**Activity:**
When you reach the records below, output every one exactly as written but leave out any pictures.

◇ ◇ ◇ ◇

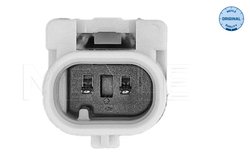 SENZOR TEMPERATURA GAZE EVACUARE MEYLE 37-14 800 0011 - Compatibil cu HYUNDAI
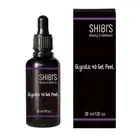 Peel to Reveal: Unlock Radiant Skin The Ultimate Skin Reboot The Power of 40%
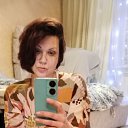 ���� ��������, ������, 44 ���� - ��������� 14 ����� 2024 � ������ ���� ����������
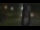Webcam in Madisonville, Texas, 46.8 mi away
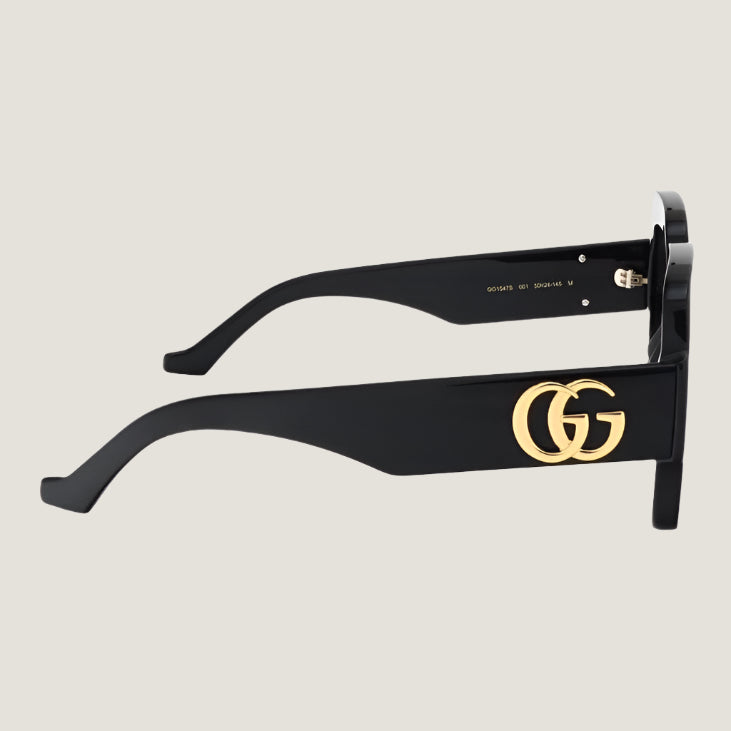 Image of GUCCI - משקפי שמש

◇ ◇ ◇ ◇

**Exercise result:**
 SENZOR TEMPERATURA GAZE EVACUARE MEYLE 37-14 800 0011 - Compatibil cu HYUNDAI
 Peel to Reveal: Unlock Radiant Skin The Ultimate Skin Reboot The Power of 40%
 ���� ��������, ������, 44 ���� - ��������� 14 ����� 2024 � ������ ���� ����������
Webcam in Madisonville, Texas, 46.8 mi away
 Image of GUCCI - משקפי שמש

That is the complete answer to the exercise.